The spell is broken 
                  by the finale of Lutoslawski’s Symphony 1 in a wonderfully bracing 
                  performance from the Polish National Radio Symphony Orchestra/Antoni 
                  Wit. This is a Haydn finale in 20th century dress, 
                  toying with melody which never quite arrives, glorying in its 
                  clownish raucousness yet with an almost continually contrasting 
                  lightness. I sought out the rest of the work: it’s fascinatingly 
                  variegated.
                
And then it’s back 
                  to Haydn, the close of his Farewell symphony (tr. 11). 
                  To point out to Prince Esterhazy that his musicians were overdue 
                  a holiday the Presto finale breaks off into an Adagio 
                  in which the orchestra is gradually depleted to 2 violins. The 
                  Presto seems more tetchy edited 2:15 in, already with 
                  a head of steam, making a greater contrast with the Adagio 
                  (0:49) looking forward to happier days in an alert, pleasingly 
                  rounded glowing performance by Capella Istropolitana/Barry Wordsworth.
                
Andrew Huth’s very 
                  accessible 95 page essay provides an excellent digest of the 
                  development of the symphony, charting what makes its key composers 
                  distinctive and why others are less so. A template emerges of 
                  the musical characteristics of an effective symphony irrespective 
                  of period but there’s also attention to the cultural, social 
                  and political conditions which affect its success and thereby 
                  influence. The strengths and weaknesses of the 20th 
                  century English symphony are tersely revealed, though I feel 
                  Bliss’s A Colour Symphony is worth a mention. Huth also 
                  accounts for embarrassment at not including any female composers. 

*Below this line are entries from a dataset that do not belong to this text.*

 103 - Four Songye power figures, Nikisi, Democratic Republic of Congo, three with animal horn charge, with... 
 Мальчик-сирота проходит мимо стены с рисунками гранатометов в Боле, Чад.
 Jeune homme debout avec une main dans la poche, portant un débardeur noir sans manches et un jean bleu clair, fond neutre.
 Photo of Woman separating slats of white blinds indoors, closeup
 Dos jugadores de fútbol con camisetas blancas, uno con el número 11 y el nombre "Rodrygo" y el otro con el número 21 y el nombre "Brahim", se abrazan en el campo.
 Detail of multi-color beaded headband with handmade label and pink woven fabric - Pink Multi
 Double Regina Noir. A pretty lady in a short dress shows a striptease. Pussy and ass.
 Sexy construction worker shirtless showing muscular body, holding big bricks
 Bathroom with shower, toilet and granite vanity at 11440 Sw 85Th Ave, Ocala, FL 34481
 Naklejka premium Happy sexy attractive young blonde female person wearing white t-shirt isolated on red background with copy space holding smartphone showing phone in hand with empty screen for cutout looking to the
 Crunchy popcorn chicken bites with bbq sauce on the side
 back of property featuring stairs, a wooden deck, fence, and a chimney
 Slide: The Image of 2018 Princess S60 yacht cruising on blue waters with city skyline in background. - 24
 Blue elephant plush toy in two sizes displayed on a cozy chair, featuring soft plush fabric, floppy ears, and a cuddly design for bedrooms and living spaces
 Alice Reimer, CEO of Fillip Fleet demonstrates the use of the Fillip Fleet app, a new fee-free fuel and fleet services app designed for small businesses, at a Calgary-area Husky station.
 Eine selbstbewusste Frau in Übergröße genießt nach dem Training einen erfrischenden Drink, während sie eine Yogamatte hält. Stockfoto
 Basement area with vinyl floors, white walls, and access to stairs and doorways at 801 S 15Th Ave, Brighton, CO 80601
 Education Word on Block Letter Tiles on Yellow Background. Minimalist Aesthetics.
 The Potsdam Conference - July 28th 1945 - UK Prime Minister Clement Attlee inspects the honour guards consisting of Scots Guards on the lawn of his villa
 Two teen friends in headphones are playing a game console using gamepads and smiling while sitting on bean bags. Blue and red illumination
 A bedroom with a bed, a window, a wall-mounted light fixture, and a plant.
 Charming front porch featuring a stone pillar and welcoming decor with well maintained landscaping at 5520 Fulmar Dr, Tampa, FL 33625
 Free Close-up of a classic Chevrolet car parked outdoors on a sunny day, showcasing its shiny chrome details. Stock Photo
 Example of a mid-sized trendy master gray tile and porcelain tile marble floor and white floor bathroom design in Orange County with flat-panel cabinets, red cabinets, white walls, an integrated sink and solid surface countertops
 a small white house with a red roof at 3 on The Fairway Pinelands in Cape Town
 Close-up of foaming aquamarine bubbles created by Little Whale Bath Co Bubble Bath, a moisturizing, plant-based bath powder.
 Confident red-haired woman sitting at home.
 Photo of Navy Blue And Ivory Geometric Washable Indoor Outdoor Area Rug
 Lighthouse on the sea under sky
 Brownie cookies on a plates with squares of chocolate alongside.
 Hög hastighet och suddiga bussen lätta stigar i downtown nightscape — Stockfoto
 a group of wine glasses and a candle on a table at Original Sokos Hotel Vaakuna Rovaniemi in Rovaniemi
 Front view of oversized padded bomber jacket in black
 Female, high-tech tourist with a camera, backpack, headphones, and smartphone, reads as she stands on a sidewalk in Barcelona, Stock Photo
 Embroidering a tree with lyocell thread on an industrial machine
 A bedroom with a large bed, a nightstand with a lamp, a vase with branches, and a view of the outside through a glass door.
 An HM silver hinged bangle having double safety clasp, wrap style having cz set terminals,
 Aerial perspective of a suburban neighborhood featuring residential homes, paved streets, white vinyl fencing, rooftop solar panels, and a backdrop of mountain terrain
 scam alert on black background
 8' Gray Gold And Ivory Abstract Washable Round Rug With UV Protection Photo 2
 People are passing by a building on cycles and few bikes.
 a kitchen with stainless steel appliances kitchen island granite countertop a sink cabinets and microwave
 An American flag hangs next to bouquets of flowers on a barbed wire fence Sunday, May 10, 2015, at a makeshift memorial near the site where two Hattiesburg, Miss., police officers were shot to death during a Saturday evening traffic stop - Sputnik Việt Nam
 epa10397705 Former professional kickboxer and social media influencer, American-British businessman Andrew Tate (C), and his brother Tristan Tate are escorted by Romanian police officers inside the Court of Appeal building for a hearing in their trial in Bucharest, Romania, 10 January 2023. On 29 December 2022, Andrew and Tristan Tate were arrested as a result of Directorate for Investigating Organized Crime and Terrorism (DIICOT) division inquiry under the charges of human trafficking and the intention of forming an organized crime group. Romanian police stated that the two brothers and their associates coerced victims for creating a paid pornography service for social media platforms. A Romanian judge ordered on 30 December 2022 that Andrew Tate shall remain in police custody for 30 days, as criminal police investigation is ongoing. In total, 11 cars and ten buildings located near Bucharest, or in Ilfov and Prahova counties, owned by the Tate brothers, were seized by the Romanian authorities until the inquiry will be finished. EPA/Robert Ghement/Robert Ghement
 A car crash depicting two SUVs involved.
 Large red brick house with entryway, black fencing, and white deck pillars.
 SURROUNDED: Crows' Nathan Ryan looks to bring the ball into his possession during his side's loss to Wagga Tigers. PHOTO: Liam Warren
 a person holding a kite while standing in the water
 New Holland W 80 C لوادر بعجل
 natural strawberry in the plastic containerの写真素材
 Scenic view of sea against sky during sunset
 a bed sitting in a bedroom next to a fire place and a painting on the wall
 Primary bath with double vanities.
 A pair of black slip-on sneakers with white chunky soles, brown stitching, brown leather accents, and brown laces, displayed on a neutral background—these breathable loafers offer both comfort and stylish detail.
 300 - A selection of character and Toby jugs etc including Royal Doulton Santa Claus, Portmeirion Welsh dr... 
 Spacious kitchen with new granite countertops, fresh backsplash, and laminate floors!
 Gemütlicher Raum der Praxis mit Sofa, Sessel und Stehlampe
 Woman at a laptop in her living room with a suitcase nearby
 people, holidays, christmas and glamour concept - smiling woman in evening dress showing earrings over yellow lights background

                  Well, British Alice Mary Smith’s Victorian symphonies (Chandos 
                  CHAN 10283) are little known yet their Mendelssohnian grasp 
                  of the dramatic impulse within a strong formal framework is 
                  attractive. As the most prolific female symphonist ever, the 
                  present day American Gloria Coates might surely have been mentioned 
                  (eg. Naxos 8.559289).
                
              
In the CD examples 
                more discipline, having just one movement per composer apart from 
                the short complete Sammartini symphony, would have allowed space 
                for at least 3 more composers. I’d opt for Schumann, Dvorak and 
                Tchaikovsky. A 41 page timeline from 1730 to 2007 parallels the 
                development of the symphony with history, science and technology, 
                art and architecture and literature. This is thought provoking 
                but for later than the discovery stage. I’d like to have seen 
                assistance to the explorer where to go next, for instance if you 
                like the Lutoslawski. There are no suggestions for further listening 
                nor reading. A section charting the growth of the orchestra could 
                have been better matched with examples of works actually featured 
                on the CDs. But there is a helpful 6 page glossary. This, then, 
                is a recommendable overview but a little fine tuning would have 
                further enhanced its educational value.